With the benefit of better scans and 18 further years of study, let’s look again at this possible ‘poem’ on f81r and annotate what we see:-
I’ve marked the two horizontal Neal keys (at the top of the two main sections of text) in red, some extraneous-looking text appended to the final line (possibly a date, or a signature?) in green, two almost identical gallows-initial words in blue, and various unusual features of the text in purple.
The text itself seems to have a line structure of 7 / 8 / 8 / 8 lines (as per the ornate line-initial gallows-initial words): so if this is a poem, my prediction is that the poem was originally 8 / 8 / 8 / 8 lines but that an entire line got omitted by mistake during the copying. (Copying ciphers by hand is surprisingly hard to get right).
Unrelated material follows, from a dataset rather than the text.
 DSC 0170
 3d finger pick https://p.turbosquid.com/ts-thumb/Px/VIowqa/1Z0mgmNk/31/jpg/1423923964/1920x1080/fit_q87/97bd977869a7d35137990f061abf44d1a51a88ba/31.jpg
As for the likely subject matter of the poem, that too isn’t too hard to predict: given that it is sandwiched between two drawings of naked nymphs in baths, it would surely shock nobody if the poem turned out to be about water or baths.
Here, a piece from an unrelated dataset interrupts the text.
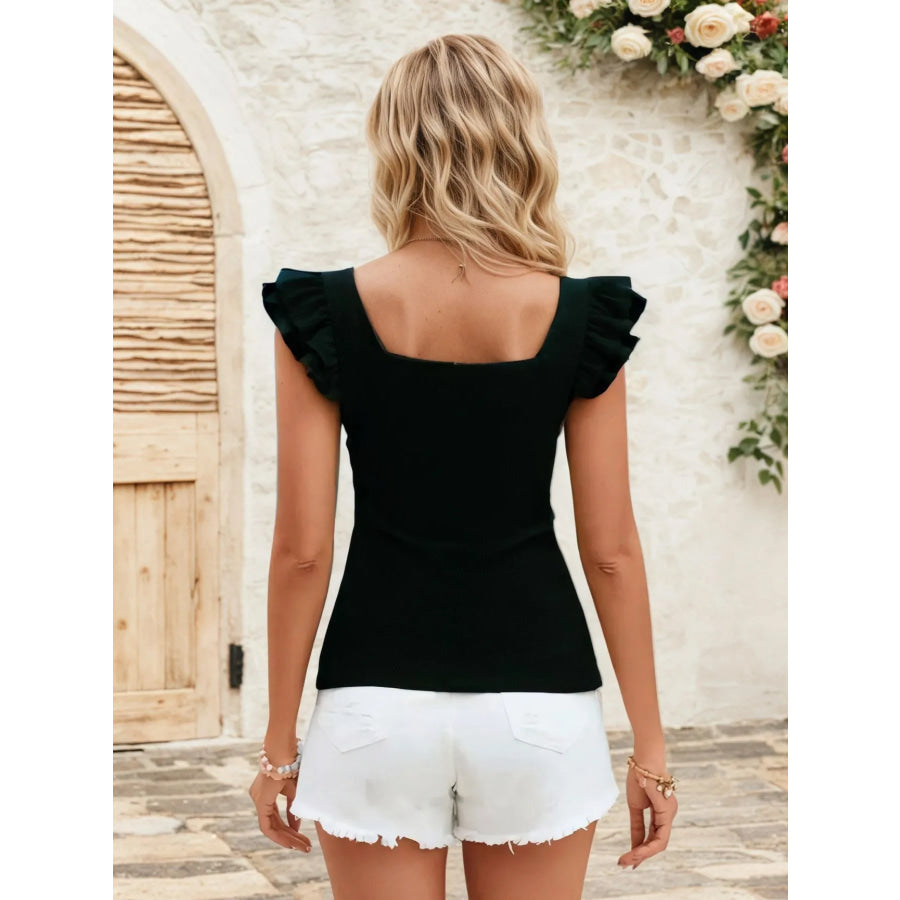 876845e1-f87b-46c9-9c36-7a350e4091c3-Max-Origin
I would also expect the poem to be in Latin or Italian (OK, Tuscan), because those were (as I recall) the languages typically used for balneological poems pre-1450.
So what might the poem actually be? You might think it could be a section grabbed from Peter of Eboli’s famous early medieval Latin poem “De Balneis Puteolanis”: but that, according to C. M. Kauffmann’s “The Baths of Pozzuoli” (p.14) consists of thirty-seven sections (an introduction, thirty-five sections each covering a different bath, and a dedicatory section at the end), each section having precisely twelve hexameters. Hence I suspect we can eliminate De Balneis Puteolanis as a candidate simply because it has a different verse length – we’re looking for eight or sixteen line sections, but it is based around twelve-line sections.
All of which is where my preliminary account of this poem block comes to a halt: I simply don’t know the balneological literature well enough to take this any further forward. Were there any pre-1450 balneological poems written with eight or sixteen lines per section? I believe that this question should probably be the starting point for researching this particular block; but what do you think?